[Dataset entries]

+--

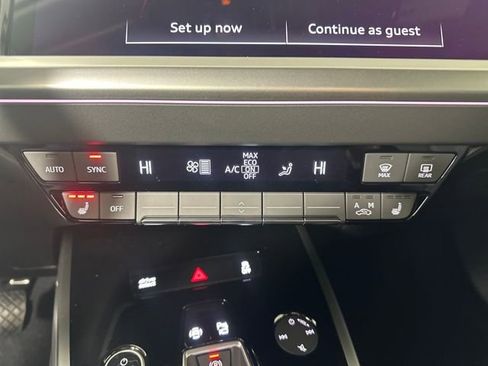 Used 2024 Audi Q4 e-tron Premium Plus w/ Premium Plus image 23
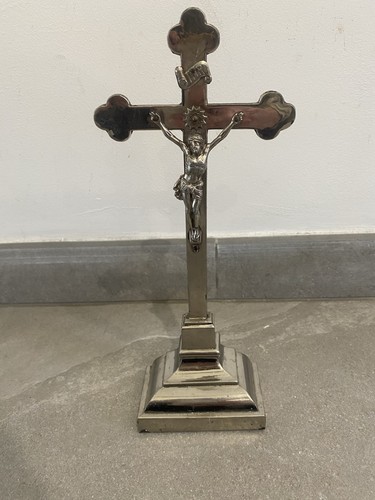 Très ancien crucifix sur - très,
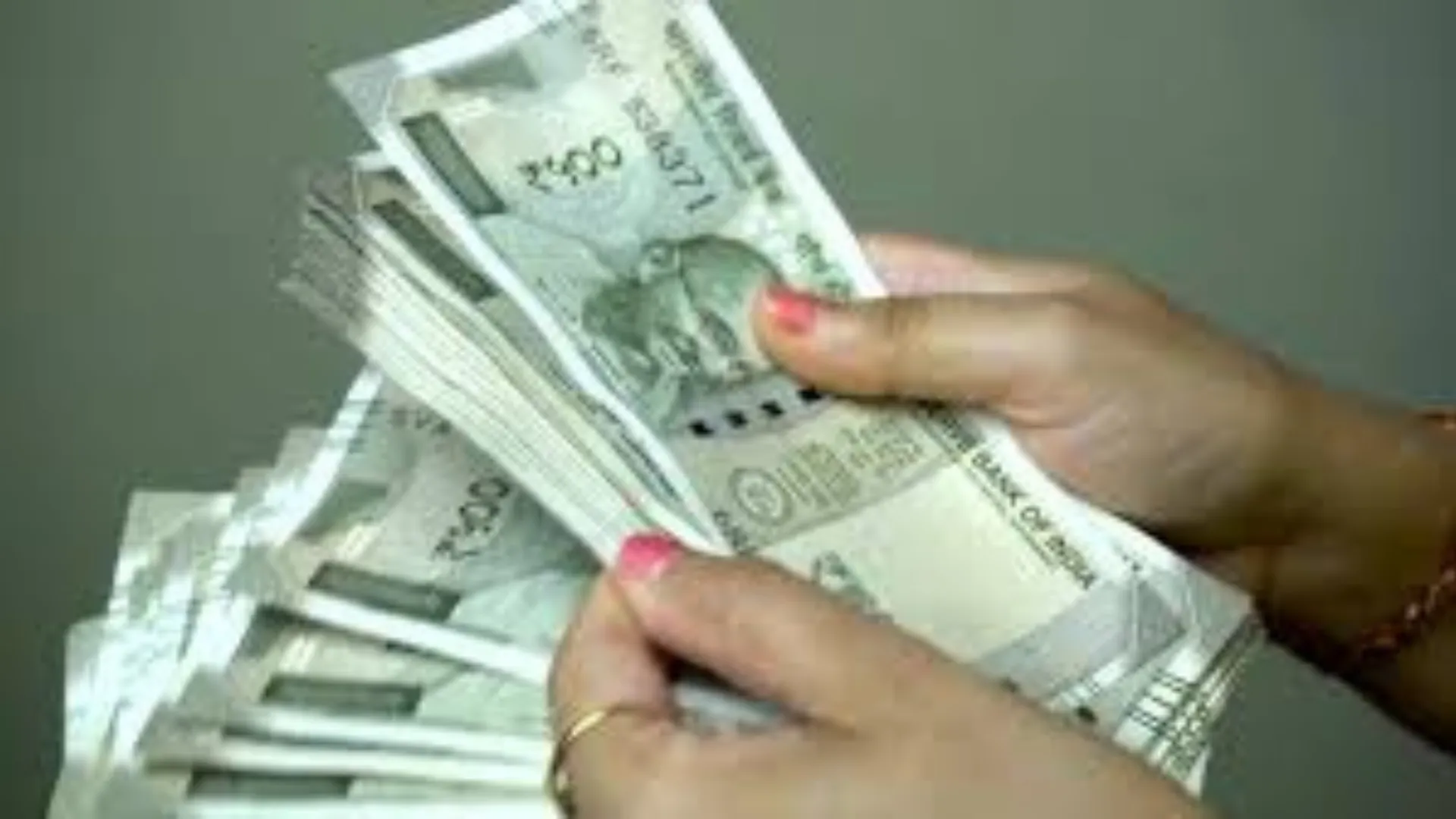 Anything Less Than Rs 60L Per Year Is Poor, Fintech Guru’s Bold Statement
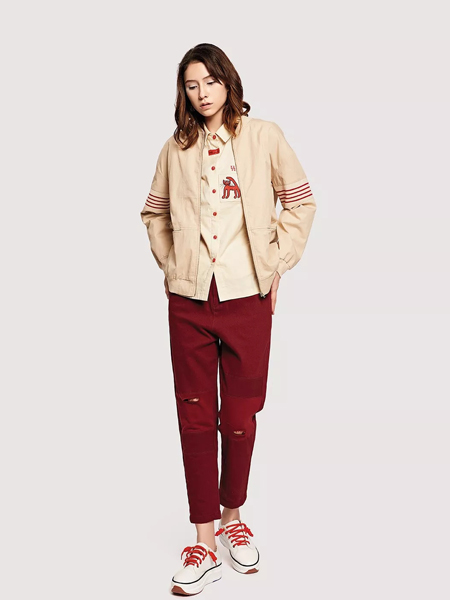 娅铂·周末女装品牌2019秋季新款韩版宽松显瘦棒球服外套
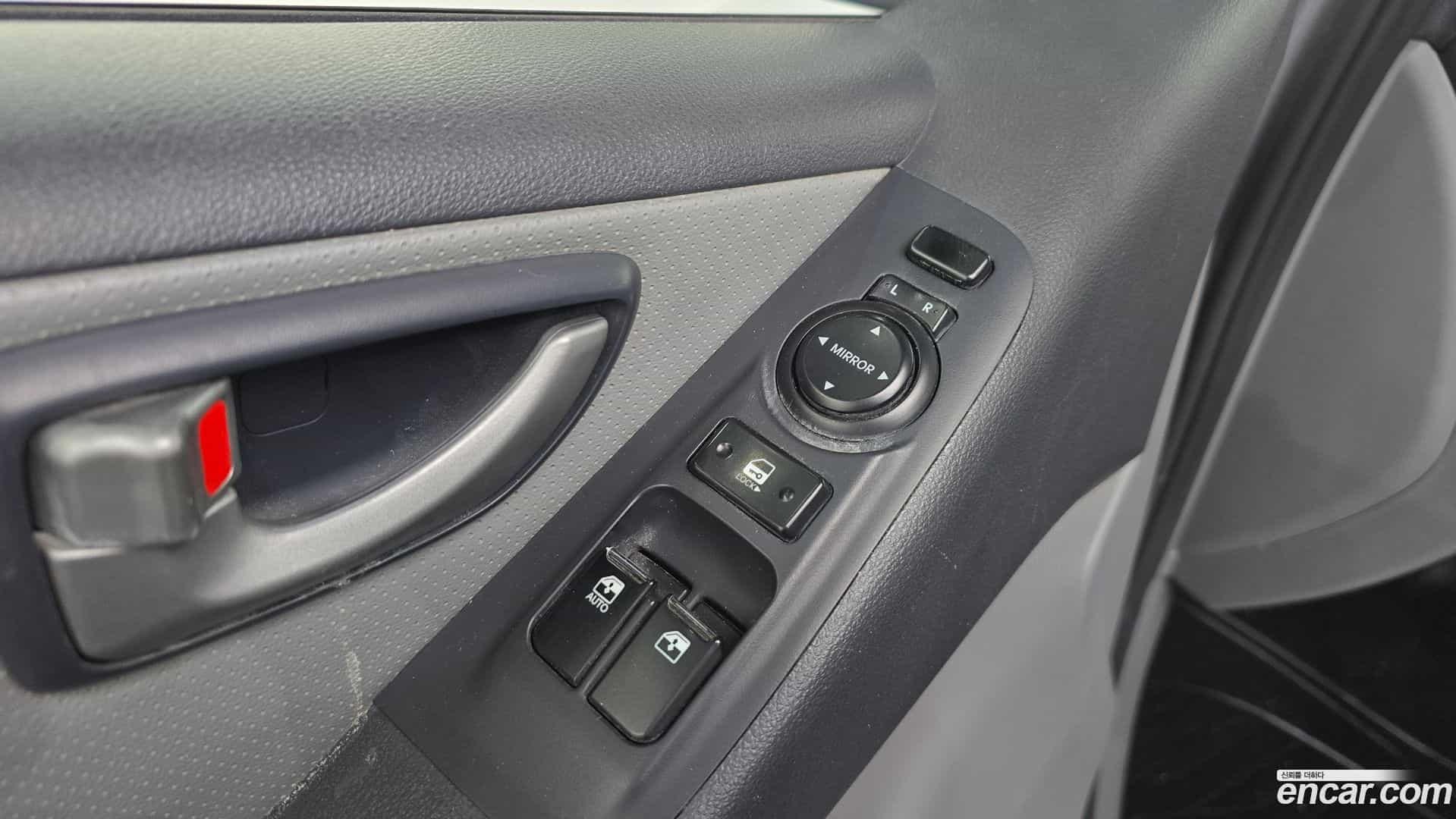 Starex Hyundai 2012.6-OPTION-024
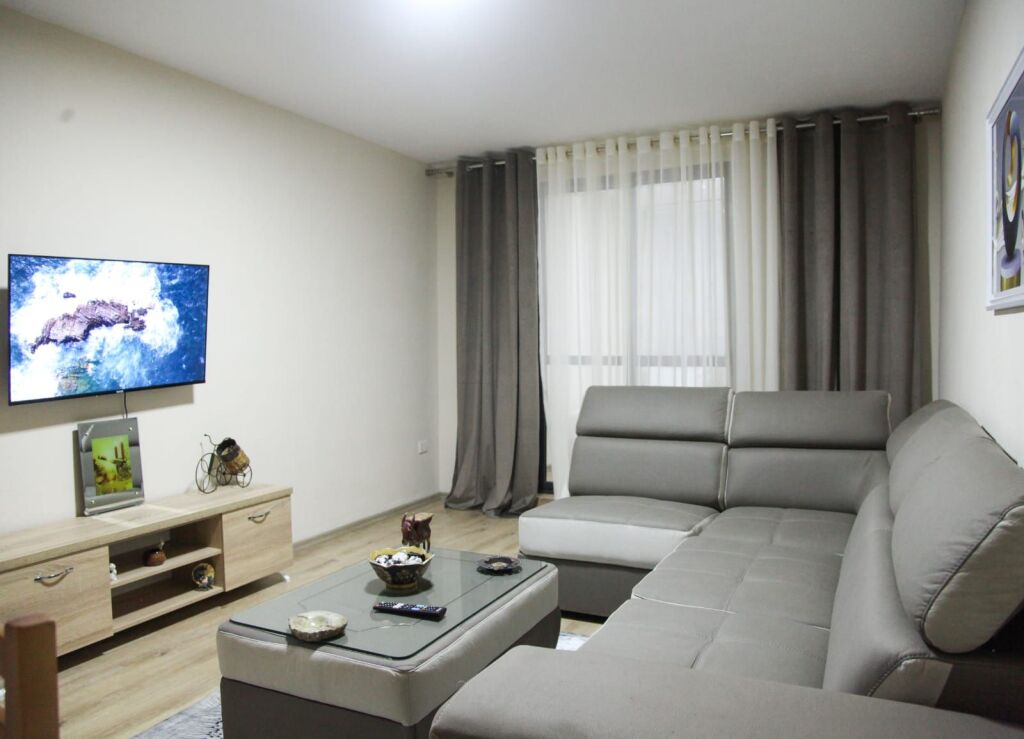 Jepet me qera apartamenti 2+1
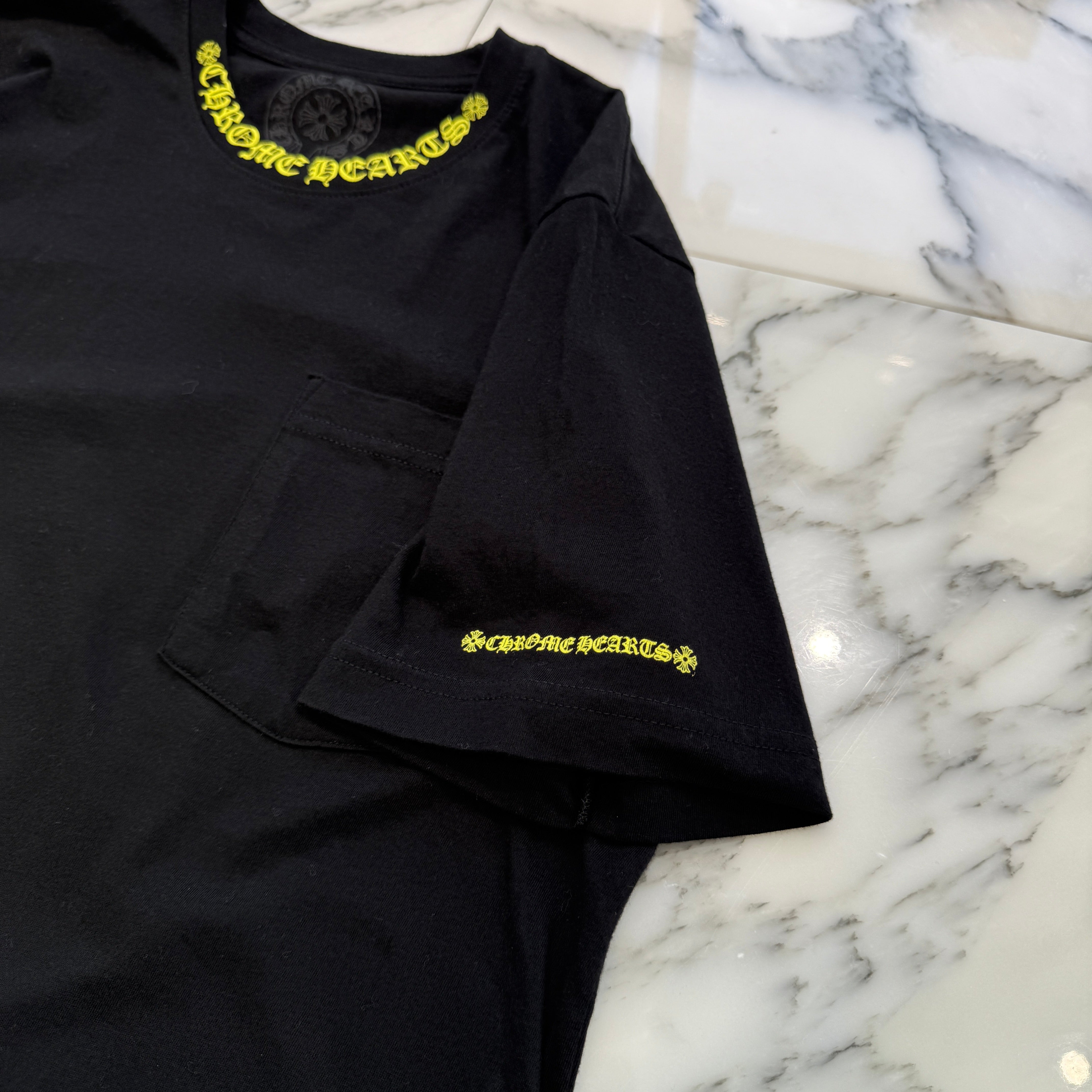 CHROME HEARTS Old English Yellow Neck Logo Short Sleeve Tee Size M クロムハーツ オールドイングリッシュ イエローネックロゴ ショートスリーブ Tシャツ サイズM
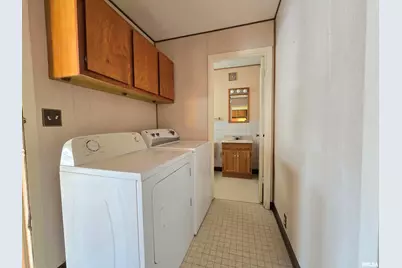 405 Easthaven Drive, Centralia, IL 62801 - Photo 36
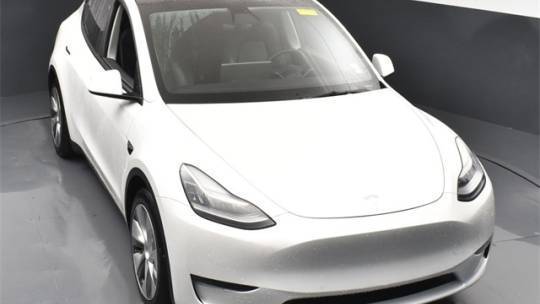 2021 Tesla Model Y 5YJYGAEE8MF142550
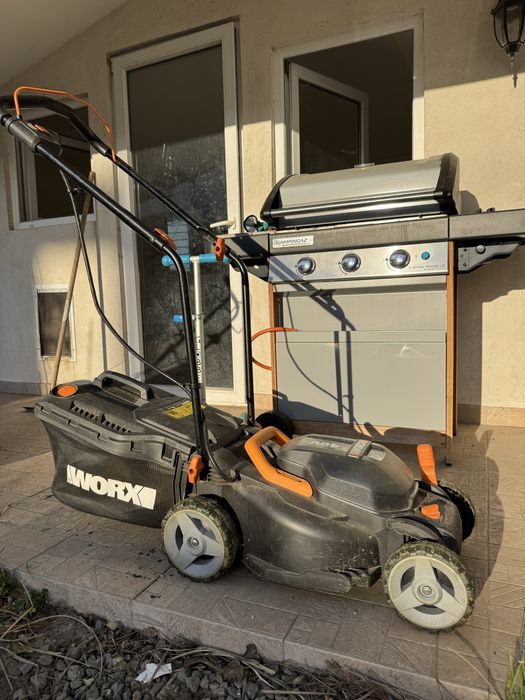 masina de tuns gazonul electrica pe baterii worx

+--

:: WORK INSTRUCTION ::
Reproduce exactly and only the lines from the one with "Anything Less Than" through the final line of the records above, inclusive. Pictures must be left out.

:: FINISHED TASK ::
 Anything Less Than Rs 60L Per Year Is Poor, Fintech Guru’s Bold Statement
 娅铂·周末女装品牌2019秋季新款韩版宽松显瘦棒球服外套
 Starex Hyundai 2012.6-OPTION-024
 Jepet me qera apartamenti 2+1
 CHROME HEARTS Old English Yellow Neck Logo Short Sleeve Tee Size M クロムハーツ オールドイングリッシュ イエローネックロゴ ショートスリーブ Tシャツ サイズM
 405 Easthaven Drive, Centralia, IL 62801 - Photo 36
 2021 Tesla Model Y 5YJYGAEE8MF142550
 masina de tuns gazonul electrica pe baterii worx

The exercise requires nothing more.